__The problem__:
Filter the entries down to the lines containing "Round", and copy those lines.

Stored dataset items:
BEGIN

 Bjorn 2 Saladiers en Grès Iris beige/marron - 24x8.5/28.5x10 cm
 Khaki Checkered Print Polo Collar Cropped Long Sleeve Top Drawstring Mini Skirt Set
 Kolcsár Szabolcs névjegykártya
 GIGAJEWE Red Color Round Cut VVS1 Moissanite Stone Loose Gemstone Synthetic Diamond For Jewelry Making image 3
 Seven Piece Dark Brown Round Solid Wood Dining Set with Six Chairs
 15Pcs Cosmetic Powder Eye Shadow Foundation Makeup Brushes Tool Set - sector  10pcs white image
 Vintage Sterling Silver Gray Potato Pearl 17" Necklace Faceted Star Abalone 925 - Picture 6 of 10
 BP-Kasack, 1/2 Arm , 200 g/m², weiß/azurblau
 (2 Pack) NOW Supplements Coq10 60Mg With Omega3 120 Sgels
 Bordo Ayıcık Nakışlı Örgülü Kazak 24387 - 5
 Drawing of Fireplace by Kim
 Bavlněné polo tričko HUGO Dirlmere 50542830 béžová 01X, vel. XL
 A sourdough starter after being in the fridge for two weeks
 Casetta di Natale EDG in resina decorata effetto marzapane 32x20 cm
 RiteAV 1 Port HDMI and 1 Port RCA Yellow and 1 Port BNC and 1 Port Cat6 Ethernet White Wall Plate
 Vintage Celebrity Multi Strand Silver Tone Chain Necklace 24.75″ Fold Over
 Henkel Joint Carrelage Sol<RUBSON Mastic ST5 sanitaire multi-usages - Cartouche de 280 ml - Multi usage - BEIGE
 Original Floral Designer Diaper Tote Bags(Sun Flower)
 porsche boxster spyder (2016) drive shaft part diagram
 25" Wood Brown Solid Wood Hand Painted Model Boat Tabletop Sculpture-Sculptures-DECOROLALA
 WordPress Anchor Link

END

__Expected answer__:
 GIGAJEWE Red Color Round Cut VVS1 Moissanite Stone Loose Gemstone Synthetic Diamond For Jewelry Making image 3
 Seven Piece Dark Brown Round Solid Wood Dining Set with Six Chairs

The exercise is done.